Ion Exchange Chromatography (IEC) is a technique based on the difference in the strength of the interaction between a sample ion and an oppositely charged functional group on the support. The sample ion competes for the functional group with a counter ion that has been added to the mobile phase as a salt. Elution is most often accomplished by increasing the salt concentration over time.
Ion exchange chromatography is the most common separation mode for protein purification schemes. Biomolecules generally have charged groups on their surfaces, which change with the pH of the solution.
Anion Exchange Chromatography is performed with either a strong anion exchange column, containing a quaternary ammonium ion, or with a weak anion exchanger, having either a tertiary or secondary amine functional group, such as DEAE (diethylaminoethyl). A counter ion, often Cl-, maintains electroneutrality.
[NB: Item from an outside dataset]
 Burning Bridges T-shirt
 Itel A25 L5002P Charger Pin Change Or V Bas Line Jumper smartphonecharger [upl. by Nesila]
Cation Exchange Chromatography is performed with either a strong cation exchanger, containing a bonded sulfonic acid group, such as sulfopropyl (SP), or with a weak cation exchanger, containing a weak acid such as carboxymethyl (CM). A counter ion, often Na+, maintains electroneutrality. The advantage of strong vs. weak ion exchangers is that the first are charged over a wider pH range. Weak ion exchangers often provide slightly different selectivity from strong exchangers.
In ion exchange chromatography, the pH of the mobile phase buffer must be between the pI or pKa of the charged molecule and the pKa of the charged groups on the solid support. For example, a molecule with a pI of 8.2 is run in a mobile phase buffer at pH 6.0 with the solid support pKa at 1.2 in cation exchange chromatography. In anion exchange chromatography a molecule with a pI of 6.8 is run in a mobile phase buffer at pH 8.0 with the solid support pKa at 10.3.